The Clarice Smith Performing Arts Center
University of Maryland
College Park, Maryland
January 29, 2016
After digging out from a recent snow storm, the audience at ODC/Dance’s performance of boulders and bones at the University of Maryland was treated to scenes of more digging, this time in the form of film footage by RJ Muna of noted landscape artist Andy Goldsworthy and his crew hefting and carving stone to make Culvert Cairn, a 2013 private commission in Marin County, California. The roughly hour-long collaboration by choreographers Brenda Way and KT Nelson is full of ideas about the process of creation. In the beginning, a couple resting on their knees at the front of the stage, with the house lights up, stacks thin sticks. They do some solemnly, with great concentration. Behind them is quote from Goldsworthy on a scrim warning the audience that intense activity in a confined space will take place and promising high drama as well as silence. Those warnings and promises and more are fulfilled.
The little pile of sticks is soon unsurprisingly toppled and kicked aside to make way for greater structures and larger dances. The film that opens boulders and bones reveals stones being stacked and moved with machinery. There are men in hard hats, and there is copious dust. Eventually, dancers move from behind scrim. They mimic stones being carried.

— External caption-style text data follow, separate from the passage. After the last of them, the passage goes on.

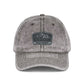 Vintage Embroidered Mountain Patch Cap — Washed Red Dad Hat Hats Printify One size Charcoal Grey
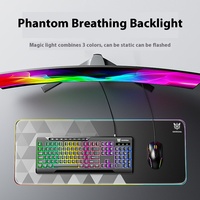 Clavier de jeu mécanique ONIKUMA G32 avec rétroéclairage RVB, interface USB, taille standard 104 touches - Personnalisé en usine pour PC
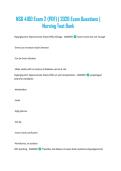 NSG 4100 Exam 2 &lpar;PDF&rpar; &vert; 2026 Exam Questions &vert; Nursing Test Bank
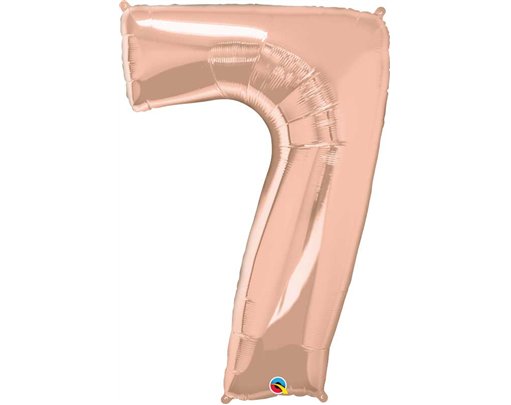 JUMBO NUMBER SEVEN ROSE GOLD QUALATEX FOIL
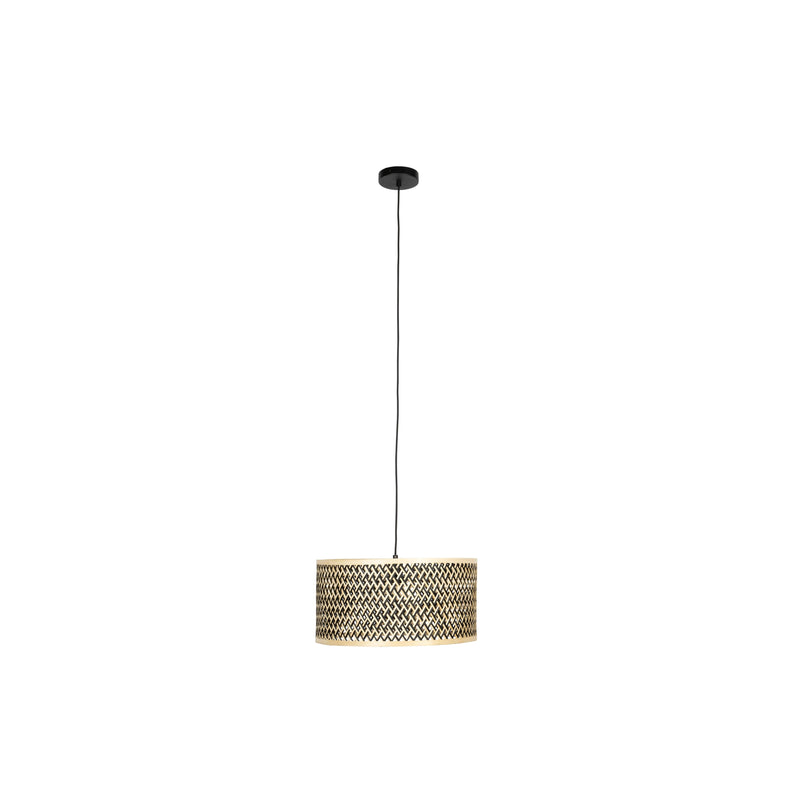 Hanglamp Isla Mix Bamboo Wood Beige 33x33x153 cm-Hanglampen-Creating Home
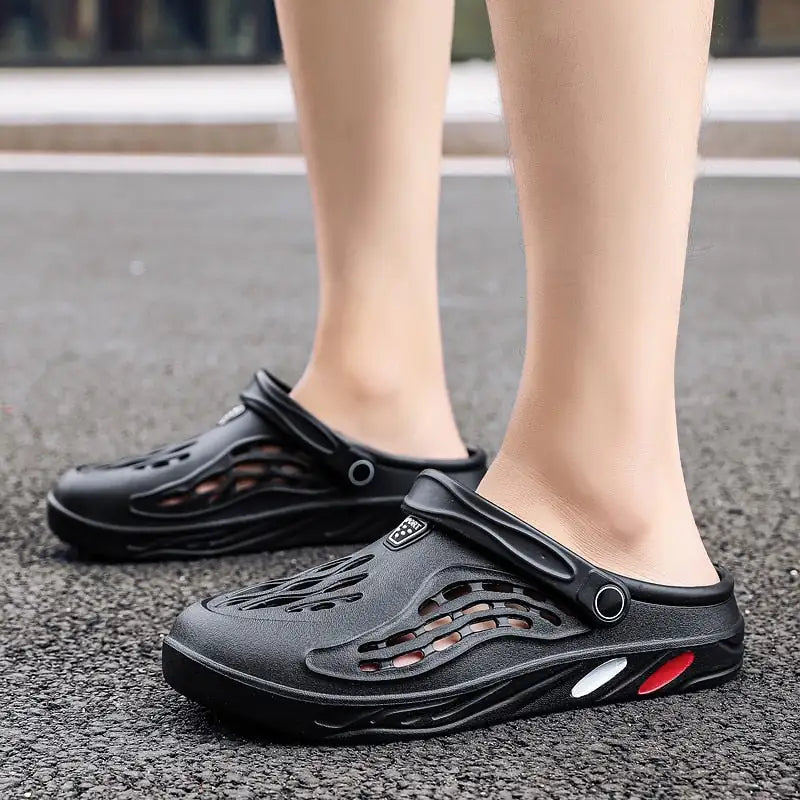 Black Breathable Summer Crocs for men and women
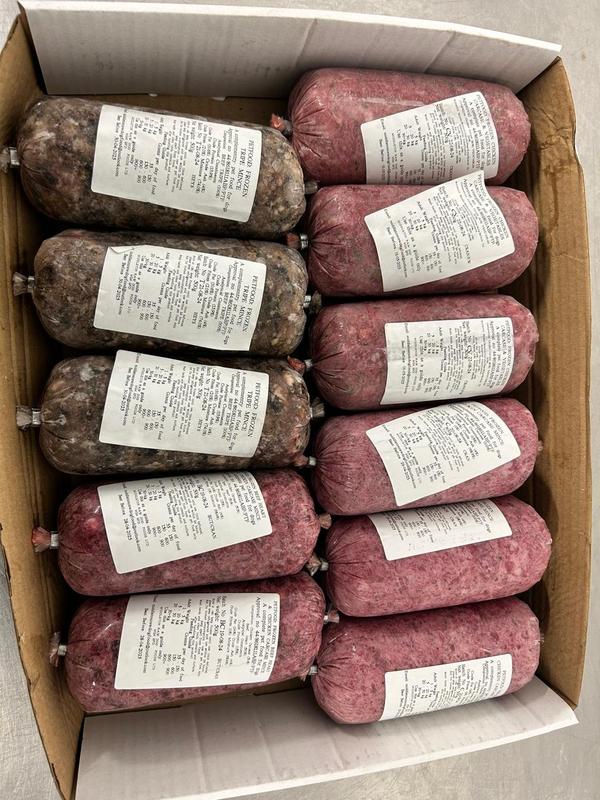 Frozen Raw Dog Food Variety Pack - 24 Rolls (500g Each, 12kg Total) - Includes Chicken, Chicken & Veg, Tripe, Beef & Chicken Flavours) BARF Diet 6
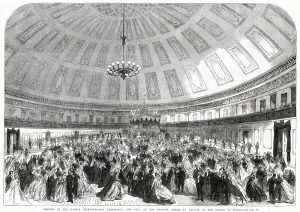 Edward Prints: Ball at the Mansion House, Dublin 1865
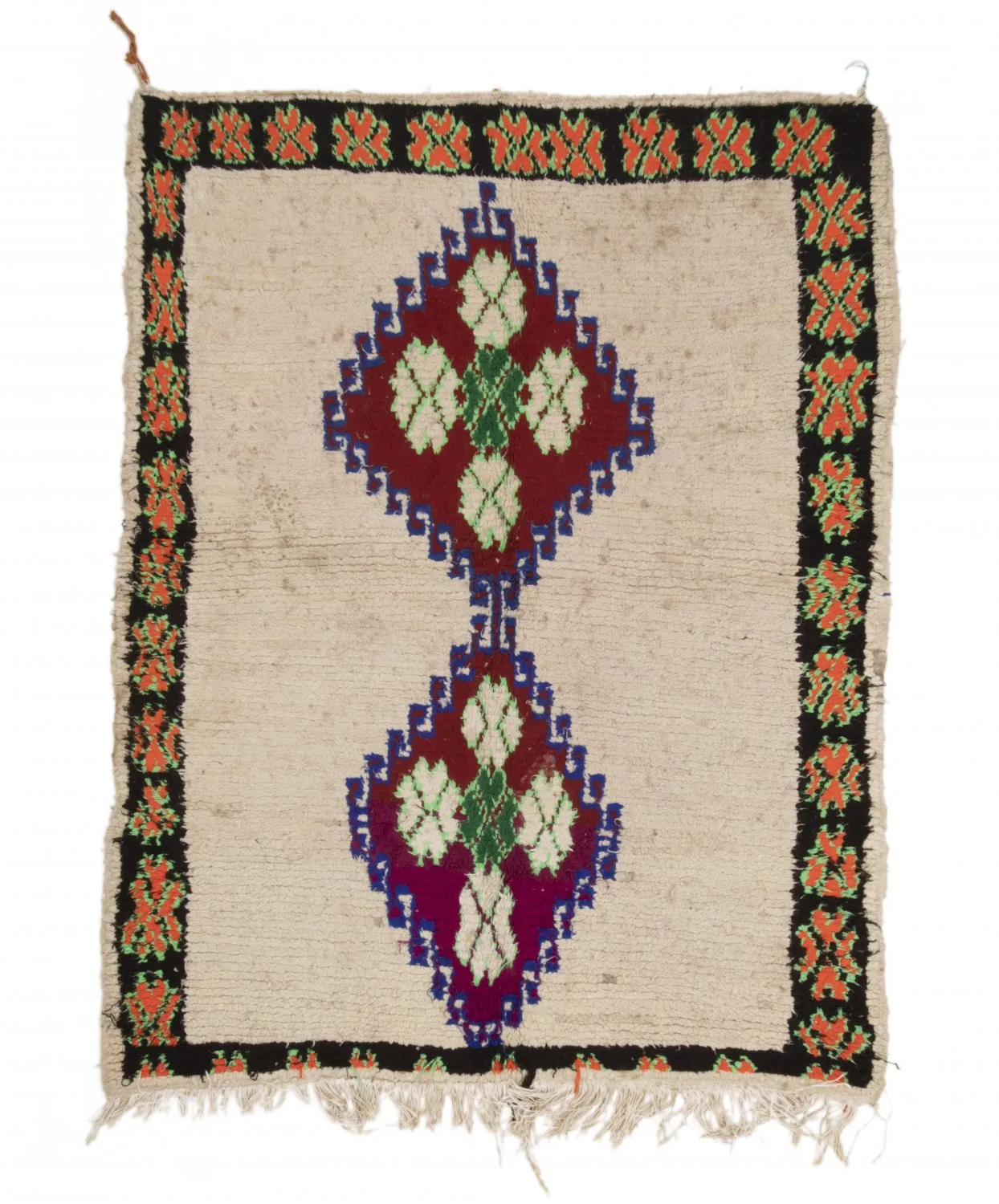 Tappeto Berberi Dal Marocco Boucherouite 190 x 150 cm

When the scrim is lifted there is a tunnel-like hole at the back of the stage where cellist Erin Wang, whose shoulders are bare, sits and plays a commissioned score by Zoe Keating. Surrounding Wang, a wall of projections continually changes the atmosphere (lighting/scenic/production design by Alexander V. Nichols). The costumes, too, change throughout the course of the piece, ranging from white ruffled sleeveless tops and dark pants with gathers on the sides, to more familiar looking white shirts with nude bottoms. One dancer, Josie G. Sadan, is given a special role. She stands out from the rest of the 10 dancers, both in her clothing and her solos. Her diaphanous sleeveless top, bra, and briefs shift in color over time, beginning in white and ending in vivid red.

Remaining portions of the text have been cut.